The guiding is getting out of control. Swan season rolls around and every guy with decoys and a boat starts charging $100. Maybe I’m missing out on an opportunity. No thanks! Guides do nothing but benefit from a public resource (birds and WMA’s) Guiding should be banned on all public land period!


----------



## MrShane (Jul 21, 2019)

Don’t lower your standards, you will only end up taking more showers to feel clean again.


----------



## JerryH (Jun 17, 2014)

Fowlmouth said:


> The guiding is getting out of control. Swan season rolls around and every guy with decoys and a boat starts charging $100. Maybe I’m missing out on an opportunity. No thanks! Guides do nothing but benefit from a public resource (birds and WMA’s) Guiding should be banned on all public land period!

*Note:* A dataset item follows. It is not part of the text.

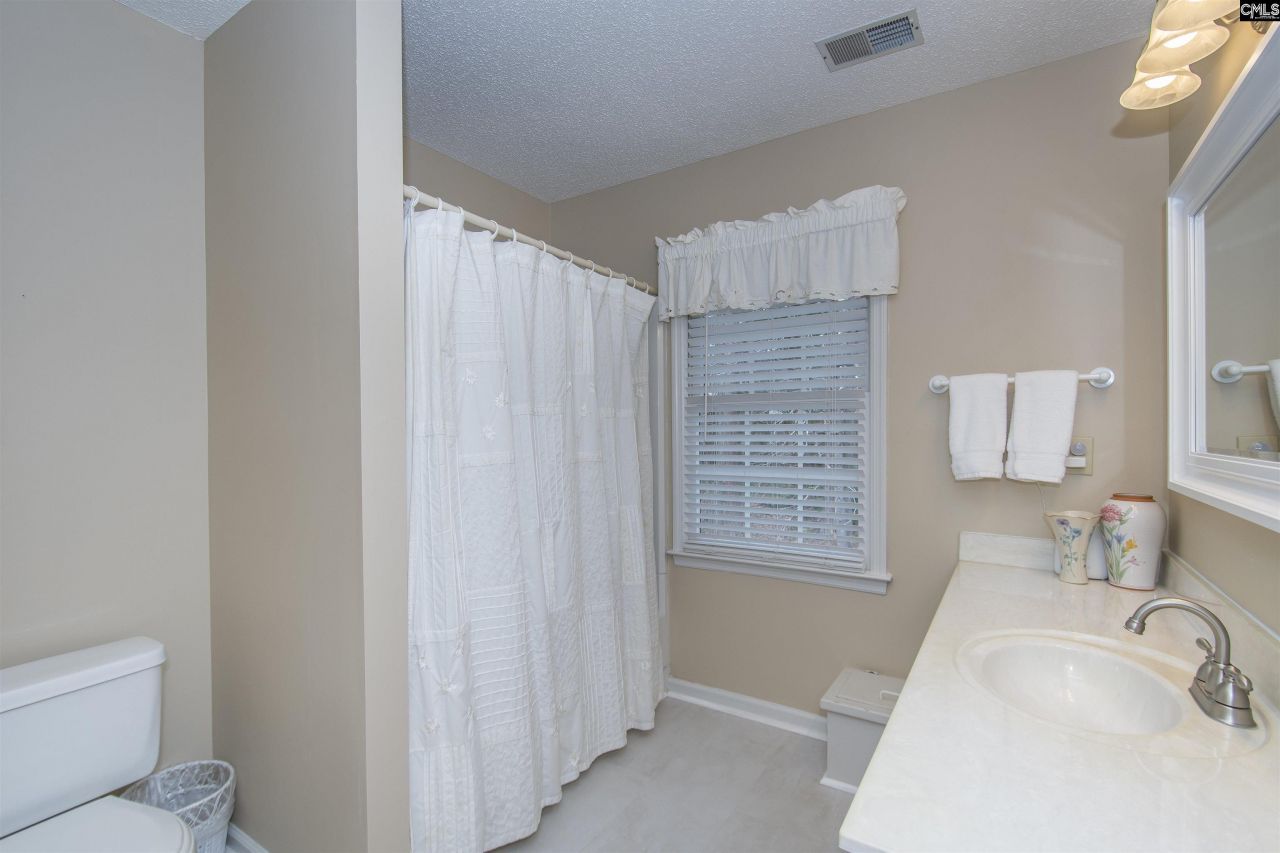 263 Sandstone Road Photo 18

I never understood the need for a guide to shoot a bird that decoys to a kitchen trash bag.


----------



## MooseMeat (Dec 27, 2017)

JerryH said:


> I never understood the need for a guide to shoot a bird that decoys to a kitchen trash bag.


Not everyone has a boat or access to areas swans frequent. Guiding gives those people an opportunity to hunt them other than pass shoot them. I don’t have a problem with swan guided hunts. I don’t think a dude needs to be guided on public land with ducks or geese though. Enforcing the difference between those hunts would be next to impossible. If it wasn’t for the swan hunting opportunity in utah, I’d be 100% guiding on any public land in utah.


----------



## MrShane (Jul 21, 2019)

MM, I think you left out the word ‘against’ in the last sentence of your last post.


----------



## prumpf (Apr 8, 2016)

Getting excited! Glad I stockpiled shells last year, can’t find anything at the stores.


----------



## MrShane (Jul 21, 2019)

Sportsmans in Midvale had a bunch of steel shot today, I even found my favorite duck load.
2.75” 20 gauge #4’s!
Scheels had a bunch also.


----------



## Fowlmouth (Oct 4, 2008)

MrShane said:


> Sportsmans in Midvale had a bunch of steel shot today, I even found my favorite duck load.
> 2.75” 20 gauge #4’s!
> Scheels had a bunch also.


Are the prices normal or higher?


----------



## MooseMeat (Dec 27, 2017)

MrShane said:


> MM, I think you left out the word ‘against’ in the last sentence of your last post.


Yep. Against. Thanks


----------



## MrShane (Jul 21, 2019)

FM, roughly $2-3/box higher.


----------



## MWScott72 (May 23, 2011)

That's honestly not too bad considering.


----------



## taxidermist (Sep 11, 2007)

Maybe with the shell shortage (as of now) folks wont be "sky busting" as much. I've never seen the sense in spending money on decoys and then try to whack a duck or goose that's 100 yards above the decoys cruising at 40mph. If I cant see the eyes, I normally don't pull the trigger. Hell, I'm lucky to fire 10 rounds a day with the party I hunt with. How do you teach patience??


----------



## paddler (Jul 17, 2009)

taxidermist said:


> Maybe with the shell shortage (as of now) folks wont be "sky busting" as much. I've never seen the sense in spending money on decoys and then try to whack a duck or goose that's 100 yards above the decoys cruising at 40mph. If I cant see the eyes, I normally don't pull the trigger. Hell, I'm lucky to fire 10 rounds a day with the party I hunt with. How do you teach patience??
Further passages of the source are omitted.